ENTRIES PROVIDED:
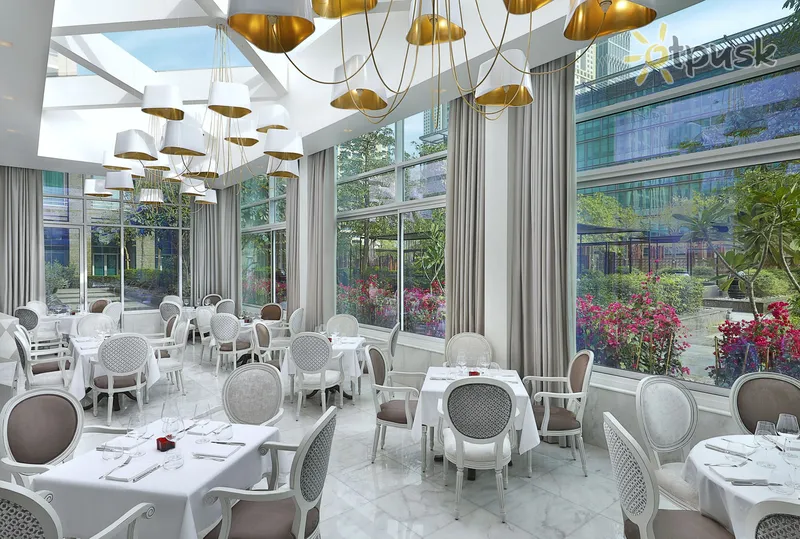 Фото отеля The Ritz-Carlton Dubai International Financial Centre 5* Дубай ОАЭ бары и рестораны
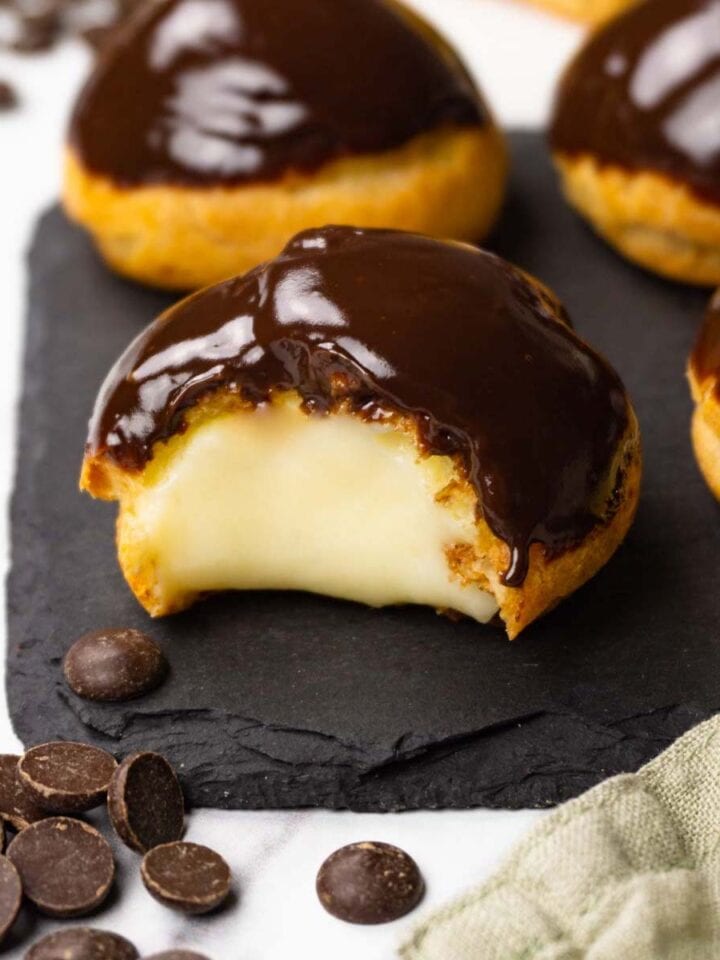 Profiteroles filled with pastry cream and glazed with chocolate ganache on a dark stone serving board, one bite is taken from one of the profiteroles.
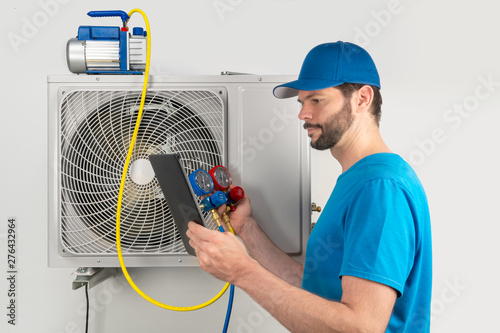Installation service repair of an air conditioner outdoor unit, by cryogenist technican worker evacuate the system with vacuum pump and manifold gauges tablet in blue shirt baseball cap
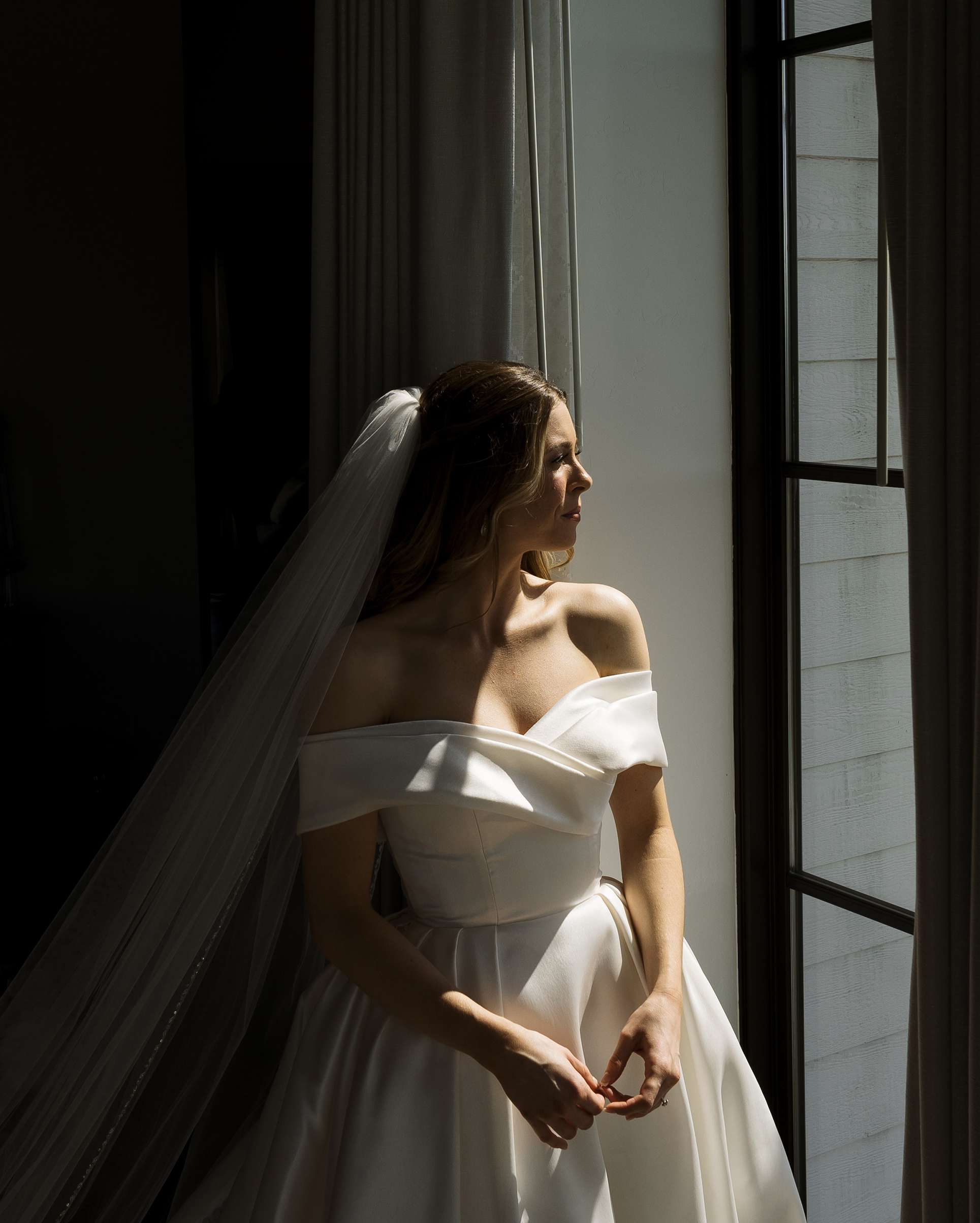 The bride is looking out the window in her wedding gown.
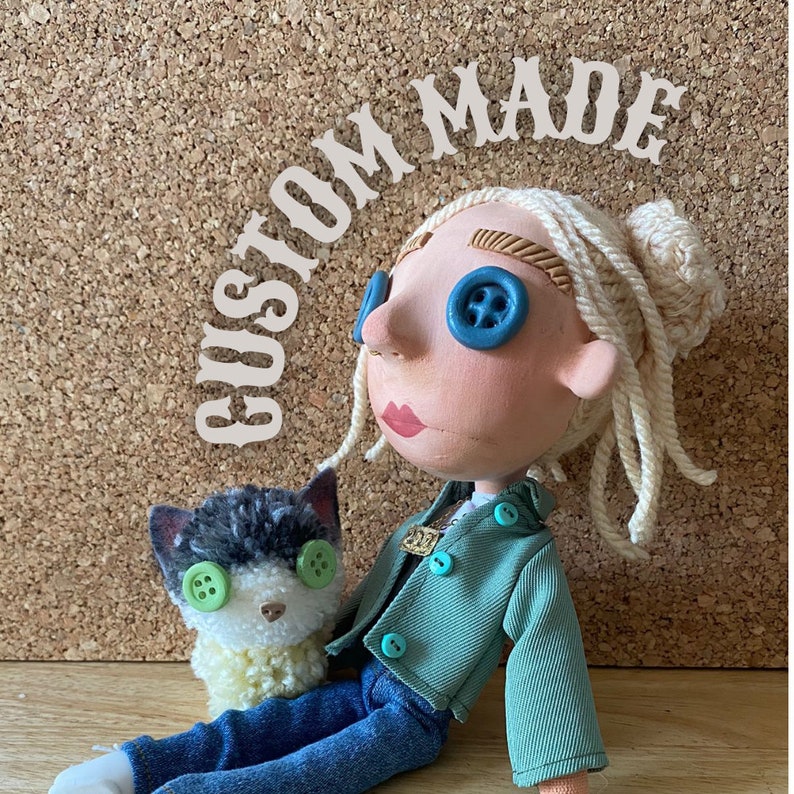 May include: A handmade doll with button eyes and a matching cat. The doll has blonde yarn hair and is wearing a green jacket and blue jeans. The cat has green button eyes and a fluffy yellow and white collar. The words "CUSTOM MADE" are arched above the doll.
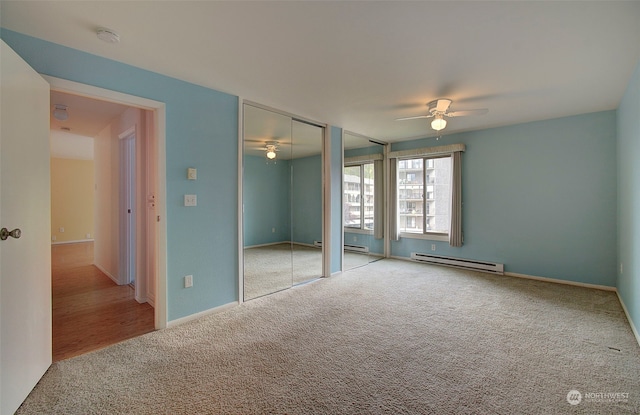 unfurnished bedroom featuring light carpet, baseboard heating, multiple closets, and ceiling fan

GOAL OF THE EXERCISE: Output each record above word for word, leaving out images.

COMPLETED EXERCISE:
 Фото отеля The Ritz-Carlton Dubai International Financial Centre 5* Дубай ОАЭ бары и рестораны
 Profiteroles filled with pastry cream and glazed with chocolate ganache on a dark stone serving board, one bite is taken from one of the profiteroles.
Installation service repair of an air conditioner outdoor unit, by cryogenist technican worker evacuate the system with vacuum pump and manifold gauges tablet in blue shirt baseball cap
 The bride is looking out the window in her wedding gown.
 May include: A handmade doll with button eyes and a matching cat. The doll has blonde yarn hair and is wearing a green jacket and blue jeans. The cat has green button eyes and a fluffy yellow and white collar. The words "CUSTOM MADE" are arched above the doll.
 unfurnished bedroom featuring light carpet, baseboard heating, multiple closets, and ceiling fan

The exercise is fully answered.